- Church: Catholic Church
- Appointed: 23 February 2024
- Predecessor: Brian Farrell
- Other post: Titular Archbishop of Dolia (since 2024)
- Previous post: Under-Secretary of the Dicastery for the Eastern Churches (2020–2024)

Orders
- Ordination: 8 June 2002 by Carlo Maria Martini
- Consecration: 4 May 2024 by Mario Delpini

Personal details
- Born: 29 July 1977 (age 49) Monza, Italy
- Alma mater: Pontifical Institute for Arabic and Islamic Studies
- Motto: Fove Precantes Trinitas

= Flavio Pace =

Italian Roman Catholic prelate (born 1977)

Flavio Pace (born 29 July 1977) is an Italian Roman Catholic prelate who has served as Secretary of the Dicastery for Promoting Christian Unity of the Roman Curia since February 2024. He previously served as Under-Secretary of the Dicastery for the Eastern Churches from 2020 to 2024. He holds the personal title of titular archbishop of Dolia.

== Early life and education ==
Flavio Pace was born in Monza in the Archdiocese of Milan. He entered the Archiepiscopal seminary of Milan in 1996. In 2010, he obtained a certificate in Islamic Studies from the Pontifical Institute for Arabic and Islamic Studies in Rome, specializing in interreligious dialogue.

== Priesthood ==
Pace was ordained a priest on 8 June 2002 by Cardinal Carlo Maria Martini for the Archdiocese of Milan. He served as parish vicar in Abbiategrasso, worked in youth ministry, taught Catholic religion in secondary schools, and served as a chaplain in a hospice until 2011.

== Roman Curia ==
In 2011, Pace entered the Roman Curia and began service in the Congregation for the Oriental Churches (later the Dicastery for the Eastern Churches). He served as attaché and later as secretary to the prefect, Cardinal Leonardo Sandri. On 3 February 2020, Pope Francis appointed him Under-Secretary of the dicastery.

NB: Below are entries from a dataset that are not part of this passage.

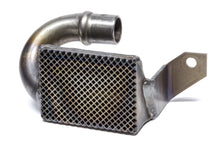 Load image into Gallery viewer, Champ Pans 3/4 Pickup for CP60 Pan w/M155 Oil Pump 64SB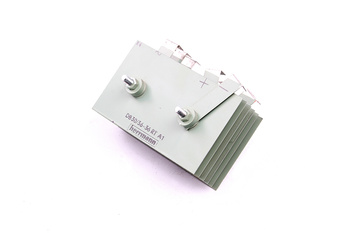 DB30/36-36RTA1 HERRMANN 30A, 360V
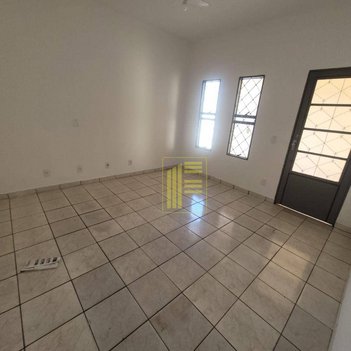 house em Rua Santo Mazzaro, Jardim Santa Luzia - São José do Rio Preto - SP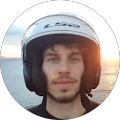 Avatar de Tomáš.u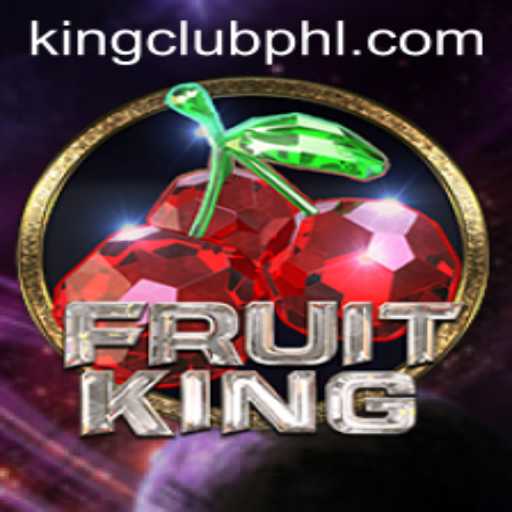 Discover the Exciting World of FruitKing: A Journey into the KING CLUB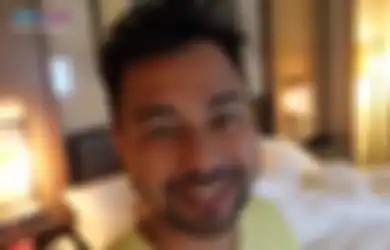 Rekan Sesama Selebriti Tanah Air Soroti Postingan Raffi Ahmad, Potret Lawas Olga Syaputra dan Julia Perez Saat Masih Hidup Jadi Sorotan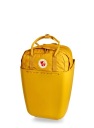 Аксесуари Та Запчастини Fjällräven Жовтий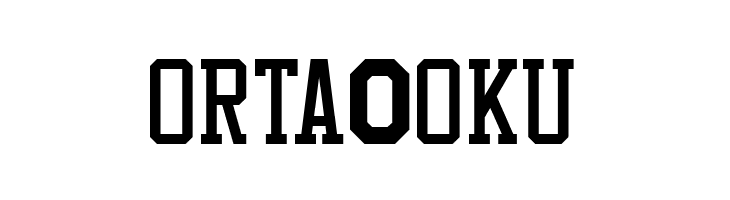 NBA Knicks  Free Fonts Download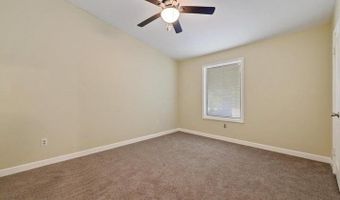 320 Lakeview Blvd, Biloxi, MS 39531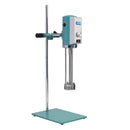 220V Digital High Shear Mixer Emulsification Machine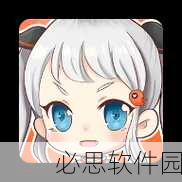jmcomic2 1.7.3最新版本下载：免费下载最新版本的 jmcomic2 1.7.3，畅享无限漫画乐趣！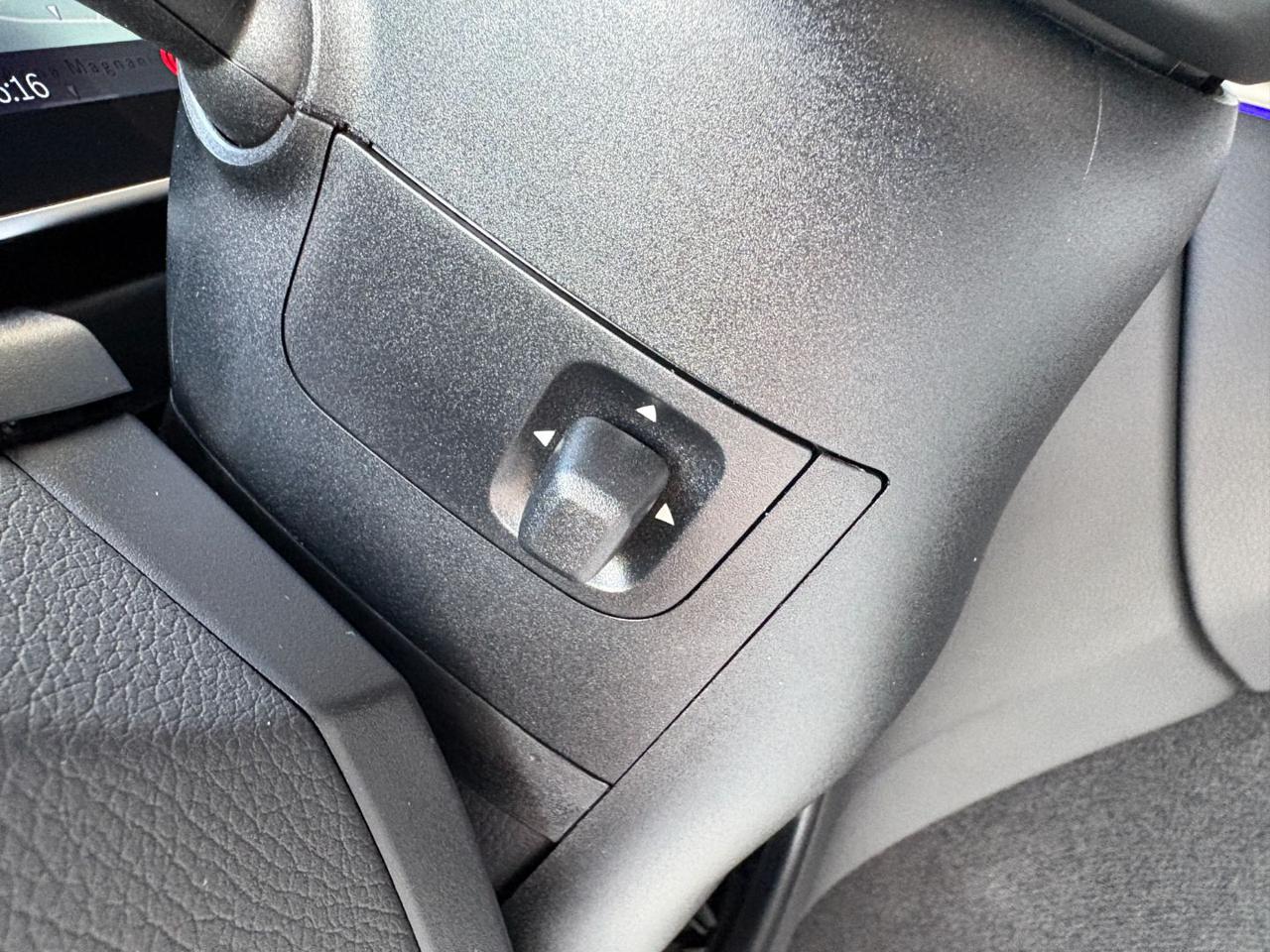 MERCEDES-BENZ GLC 220 d 4Matic Mild Hybrid AMG AMG Line Premium. - 44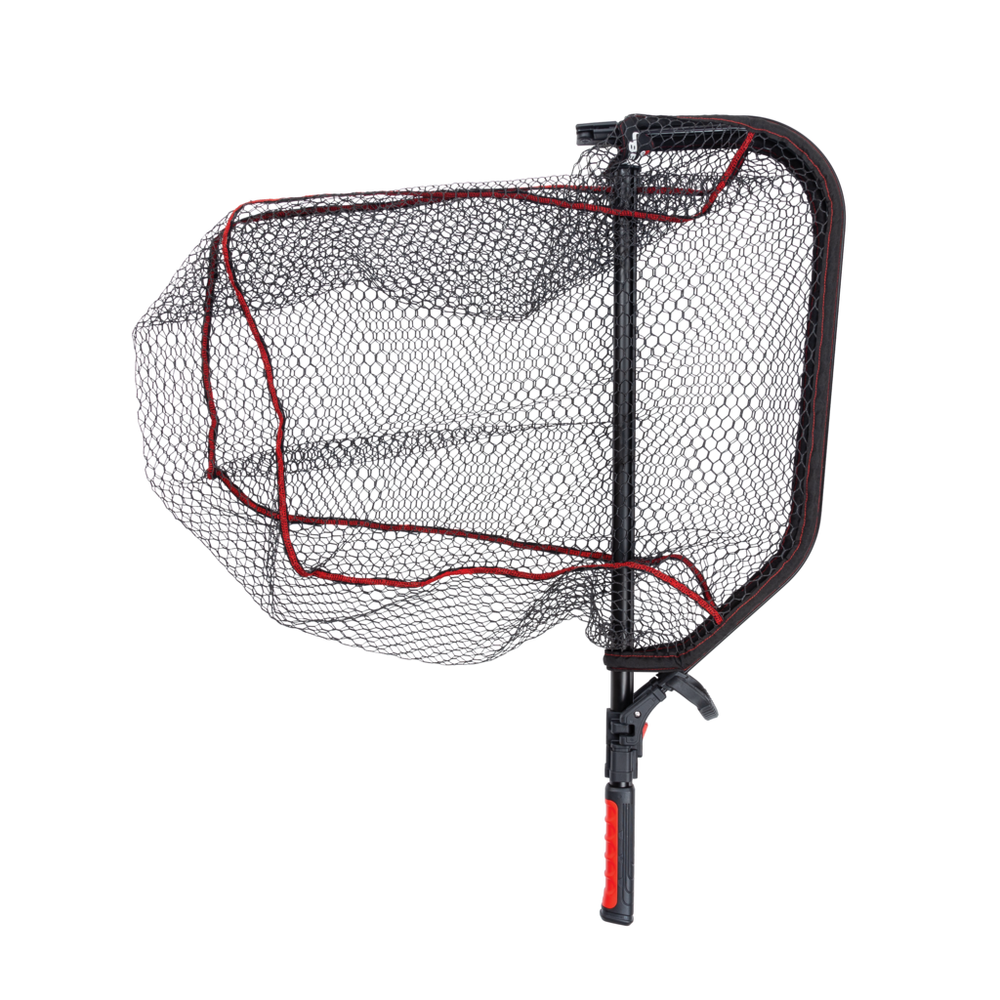 Abu Garcia Beast Foldable Landing Net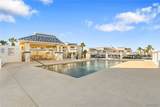 2022 Merrill Lane - Photo 7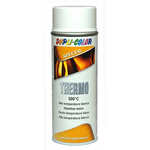 Dupli-Color Thermo Lack Spray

== Secretary of the Dicastery for Promoting Christian Unity ==
On 23 February 2024, Pope Francis appointed Pace as Secretary of the Dicastery for Promoting Christian Unity, succeeding Archbishop Brian Farrell. He was simultaneously appointed titular archbishop of Dolia.

He received episcopal consecration on 4 May 2024 in the Milan Cathedral from Archbishop Mario Delpini, with Cardinals Leonardo Sandri and Kurt Koch as co-consecrators.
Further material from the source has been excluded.